The castle earthworks can be found adjacent to the south side of the village churchyard.
The mound is large and oval shaped with a deep, dry ditch. The average height of the castle mound above the bottom of the ditch is 5m. The main hall of the castle probably stood on the north-east corner, and geophysical survey has confirmed a stone-founded building in this area, but there is no visible stonework.
An area to the east, possibly an outer bailey (HER 32798), showed strong resistance, indicating a stone building or cobbled floor. A holloway led from the moat to the church, but this has since been filled in. The original entrance to the castle would have been on the west, but this is now occupied by farm buildings.
The Rev. C.J. Robinson (in Castles of Herefordshire and their Lords, undated, p. 129) has a footnote referring to a visit to Pembridge by Silas Taylor, a 17th century antiquarian, where he records saw to the south of the church "... the mansion house where there are yet remaines of a fortified keep or small castle".

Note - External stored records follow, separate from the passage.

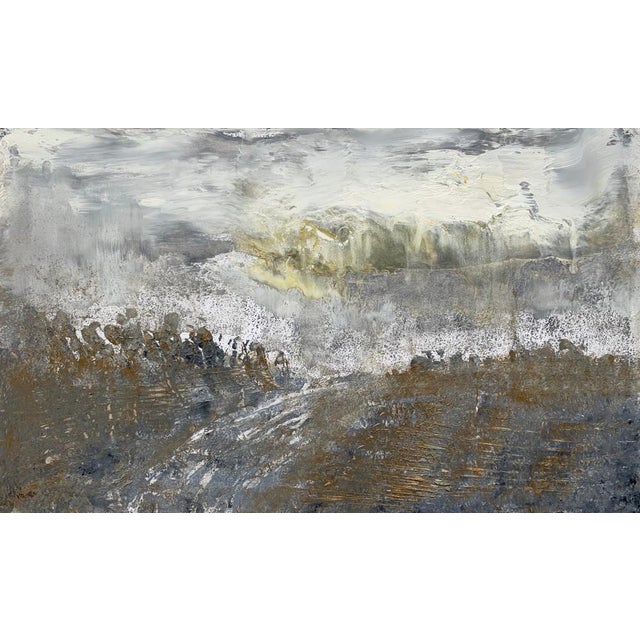 Monika Rossa, Landscape, 2018, Oil on Board For Sale - Image 6 of 6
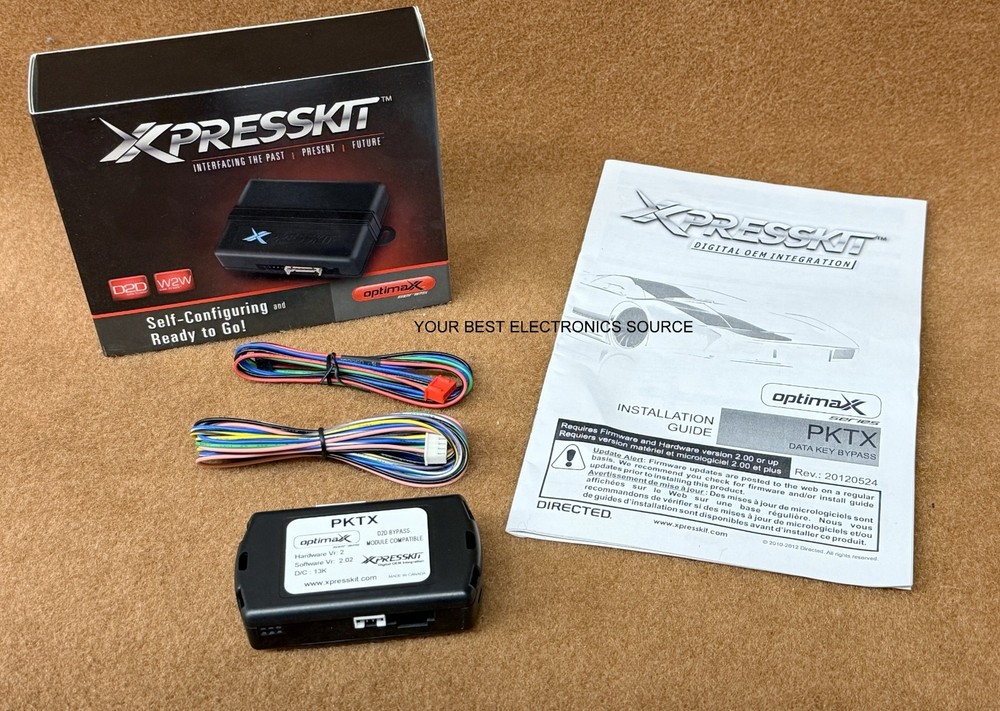 Directed Xpresskit PKTX Ignition Immobilizer Bypass for Select 2000-12 Ford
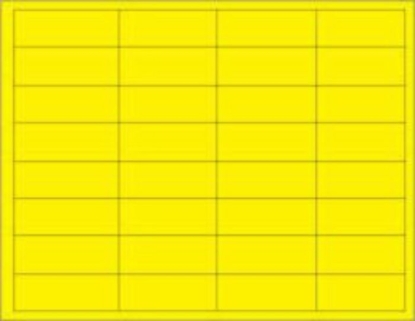 Picture of PDC Laser Chart Label, 2-5/8" x 1", Yellow, 100 per Pack
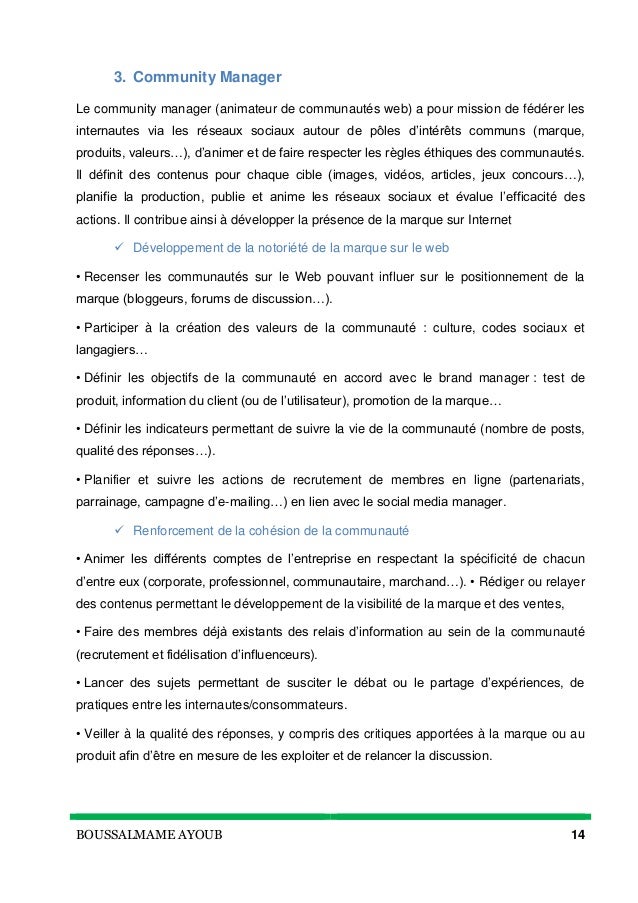 Rapport de stage Marketing Digital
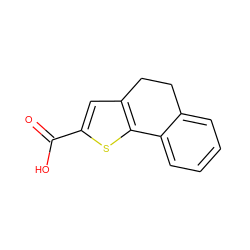 O=C(O)c1cc2c(s1)-c1ccccc1CC2 ZINC000000069806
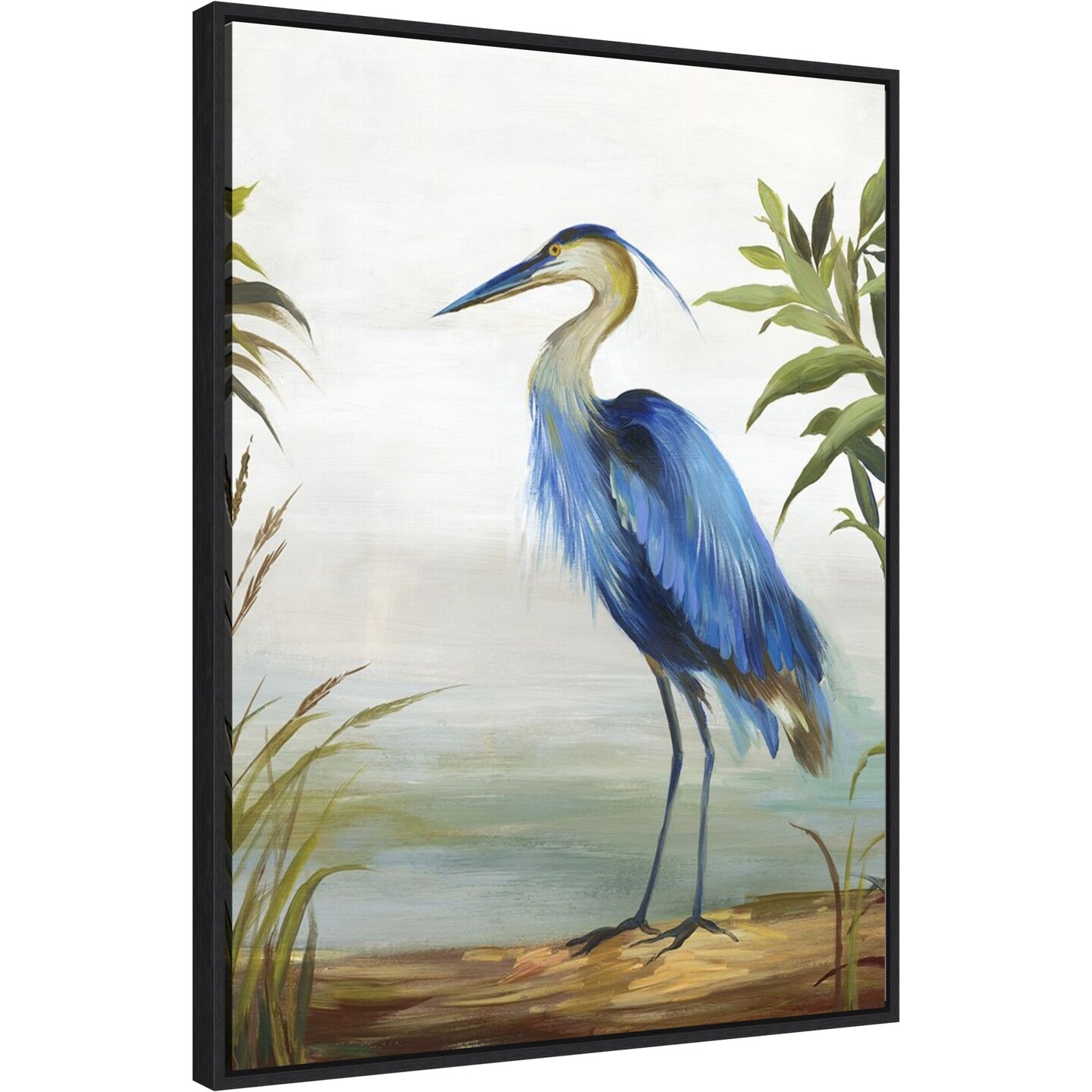 Blue Heron by Aimee Wilson Canvas Wall Art Print Framed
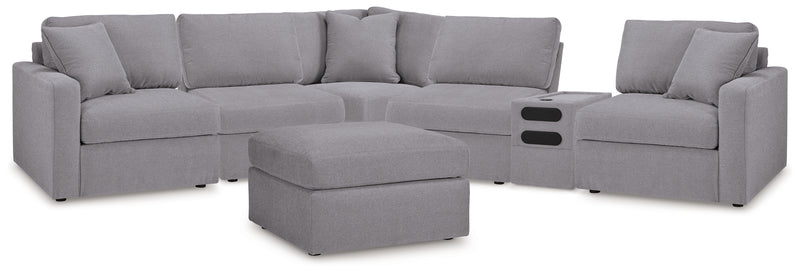 Modmax 6-Piece Sectional and Oversized Accent Ottoman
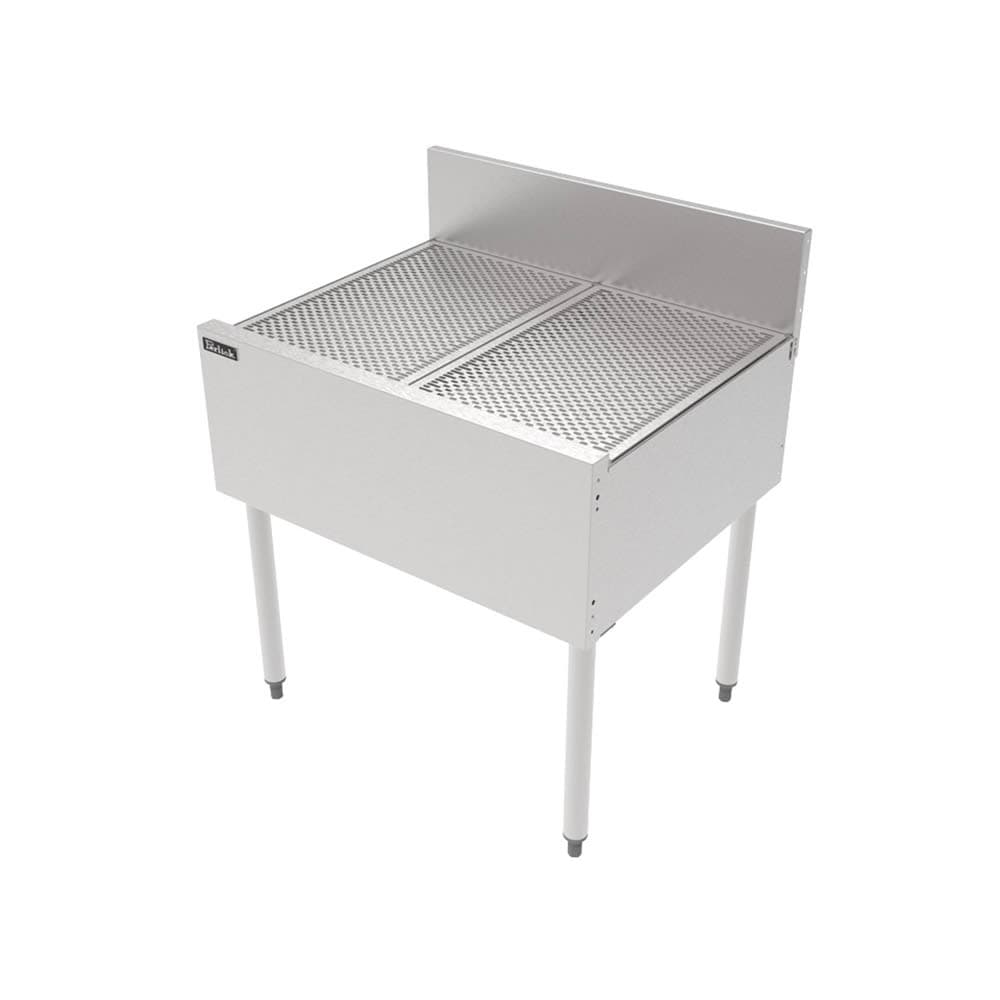 Perlick TSF30DB Underbar Freestanding Drainboard - 6" Backsplash, 30" x 24"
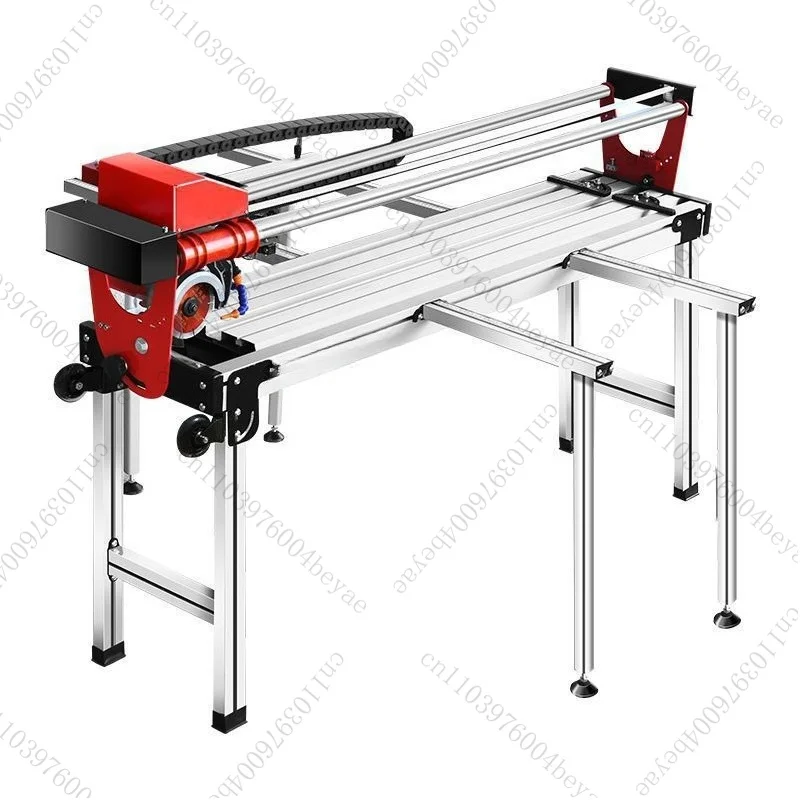 Multi-function automatic desktop tile cutting machine manual push knife water jet 45 degree chamfering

The Domesday Book's entry for Pembridge records that it was held by Earl Harold and there were twenty villagers, seven smallholders, one riding man and three slaves. The Canons of St. Guthlac's Priory in Hereford claimed the manor of Pembridge; stating that Earl Godwin and his son Harold had wrongly taken it from them. (Frank and Caroline Thorn (eds.), Domesday Book 17: Herefordshire, 19,8, Phillimore, 1983)
Pembridge later came under the control of William de Braose, Lord of Radnor.
The Pembridge family who came to occupy the castle would appear to have been tenant knights of the de Braoses and Mortimers until 1265. The most famous member of the Pembridge family was Richard Pembridge, who was a Knight of the Garter and fought at Poitiers and Sluys. He later became Warden of the Cinque Ports and his tomb survives in Hereford Cathedral. The helm (helmet) from his funeral achievements, one of only three surviving from the Hundred Years War, can be seen in the National Museum of Scotland in Edinburgh, and you can read more about it in our medieval section. The Pembridge family also had an impressive castle at Welsh Newton in south Herefordshire.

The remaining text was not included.